1. Replay Mental Model
Normal consumption:
Replay:
Replay changes time.
The consumer sees historical messages as if they are new inputs.
Your code must know whether it is processing:
live traffic
or:
historical replay/backfill
because side effects and observability may differ.
2. Replay Is Not Always Safe
Replay-safe consumer:
search index projector
analytics aggregate builder
cache warmer
read model rebuilder
audit verifier
Replay-dangerous consumer:
email sender
payment submitter
external API caller
workflow command emitter
notification pusher
ticket creator
Why?
Projection replay usually rewrites deterministic local state.
Side-effect replay can repeat real-world actions.
Production rule:
Every consumer must declare whether replay is allowed, forbidden, or allowed only in special mode.
Example policy:
consumers:
search-indexer:
replaySafe: true
notification-sender:
replaySafe: false
workflow-command-emitter:
replaySafe: restricted
Do not reset offsets until you know this.

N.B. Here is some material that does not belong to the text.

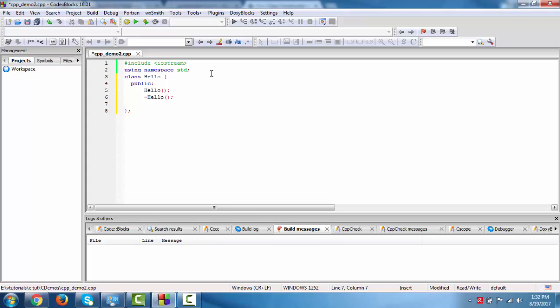We will define one method, void say hello. These are the methods of constructor and destructor.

3. Replay vs Backfill vs Reprocessing
These terms are related but not identical.
| Term | Meaning |
|---|---|
| Replay | Read historical messages again from broker/log |
| Backfill | Populate missing or new data over historical range |
| Reprocessing | Process data again with new/fixed logic |
| DLQ replay | Re-submit failed messages from dead-letter storage |
| Projection rebuild | Recreate read model from event history |
| Migration replay | Use old events to build new schema/model |
| Shadow replay | Process old events into separate output for validation |
Example:
Replay case-events from 2026-01-01 to rebuild search index.
Example:
Backfill riskScore into case_projection for all existing cases.
Example:
Reprocess CaseEscalated events after fixing targetQueue mapping bug.

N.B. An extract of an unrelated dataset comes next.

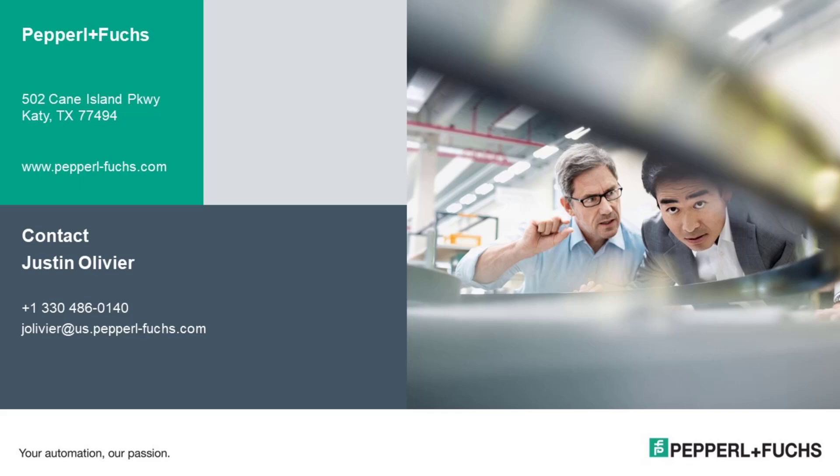That's the basics of the eDiagnostics app. If you have any questions about this app or any other Pepperl+Fuchs product, please feel free to contact us.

Precise language prevents operational mistakes.
4. Why Replay Exists
Replay is useful for:
4.1 Rebuild projection
delete search projection
replay case-events
rebuild search index
4.2 Add new consumer
analytics-service starts from earliest retained offset
4.3 Fix bug
old consumer incorrectly mapped CLOSED status
deploy fix
reprocess affected events
4.4 Data migration
new read model table introduced
backfill from event history
4.5 Audit verification
compare event-derived state to current database state
4.6 Disaster recovery
restore projection database
replay retained events after backup point
Replay is one reason event logs are powerful.
But only if event contracts and consumers support it.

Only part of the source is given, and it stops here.